Transcribe the stretch of entries below from the line with "Cuisena Stainless Steel" through the line with "HIGHLIGHTS: Philippines vs", exactly and with both ends included; leave out all other lines.

Segment Start: Material for this task

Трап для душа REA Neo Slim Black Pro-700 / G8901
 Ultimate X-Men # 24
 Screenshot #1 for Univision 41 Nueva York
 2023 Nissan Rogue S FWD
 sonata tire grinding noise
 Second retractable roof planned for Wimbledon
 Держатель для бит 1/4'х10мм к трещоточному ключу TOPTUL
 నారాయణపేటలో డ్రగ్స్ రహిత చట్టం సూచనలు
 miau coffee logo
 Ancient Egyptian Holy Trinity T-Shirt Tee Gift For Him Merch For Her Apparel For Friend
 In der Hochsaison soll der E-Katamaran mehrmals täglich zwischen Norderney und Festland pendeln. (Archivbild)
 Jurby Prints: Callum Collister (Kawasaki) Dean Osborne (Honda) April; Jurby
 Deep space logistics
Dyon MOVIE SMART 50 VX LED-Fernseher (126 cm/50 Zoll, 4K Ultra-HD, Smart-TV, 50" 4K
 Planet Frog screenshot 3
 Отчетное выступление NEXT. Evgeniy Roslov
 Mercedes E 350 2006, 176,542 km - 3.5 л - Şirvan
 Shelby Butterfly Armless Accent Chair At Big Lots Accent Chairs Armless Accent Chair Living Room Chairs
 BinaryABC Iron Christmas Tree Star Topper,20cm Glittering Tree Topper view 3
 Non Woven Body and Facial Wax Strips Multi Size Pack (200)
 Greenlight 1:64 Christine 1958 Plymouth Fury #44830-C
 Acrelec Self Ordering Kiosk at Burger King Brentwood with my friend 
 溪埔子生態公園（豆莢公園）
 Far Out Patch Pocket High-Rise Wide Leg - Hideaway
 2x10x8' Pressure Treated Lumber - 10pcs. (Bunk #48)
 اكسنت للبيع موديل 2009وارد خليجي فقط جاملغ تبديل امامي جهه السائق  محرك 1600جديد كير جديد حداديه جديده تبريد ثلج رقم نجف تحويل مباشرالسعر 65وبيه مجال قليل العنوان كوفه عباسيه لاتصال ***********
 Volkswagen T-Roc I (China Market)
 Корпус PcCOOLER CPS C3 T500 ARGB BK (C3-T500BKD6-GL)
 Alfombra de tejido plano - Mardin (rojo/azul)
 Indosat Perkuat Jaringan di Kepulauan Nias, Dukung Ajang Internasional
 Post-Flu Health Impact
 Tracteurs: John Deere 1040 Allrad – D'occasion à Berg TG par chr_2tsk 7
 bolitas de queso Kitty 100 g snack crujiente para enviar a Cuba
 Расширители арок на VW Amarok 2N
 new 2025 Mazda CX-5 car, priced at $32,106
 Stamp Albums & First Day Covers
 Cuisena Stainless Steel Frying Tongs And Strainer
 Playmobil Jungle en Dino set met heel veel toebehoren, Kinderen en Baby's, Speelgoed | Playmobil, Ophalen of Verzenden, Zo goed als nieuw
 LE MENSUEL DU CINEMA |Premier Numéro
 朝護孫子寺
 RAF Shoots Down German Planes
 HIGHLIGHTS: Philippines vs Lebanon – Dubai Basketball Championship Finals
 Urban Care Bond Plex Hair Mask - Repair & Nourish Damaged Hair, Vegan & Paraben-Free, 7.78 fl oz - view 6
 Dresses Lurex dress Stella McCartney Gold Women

Segment End: Material for this task

Completed exercise =>
 Cuisena Stainless Steel Frying Tongs And Strainer
 Playmobil Jungle en Dino set met heel veel toebehoren, Kinderen en Baby's, Speelgoed | Playmobil, Ophalen of Verzenden, Zo goed als nieuw
 LE MENSUEL DU CINEMA |Premier Numéro
 朝護孫子寺
 RAF Shoots Down German Planes
 HIGHLIGHTS: Philippines vs Lebanon – Dubai Basketball Championship Finals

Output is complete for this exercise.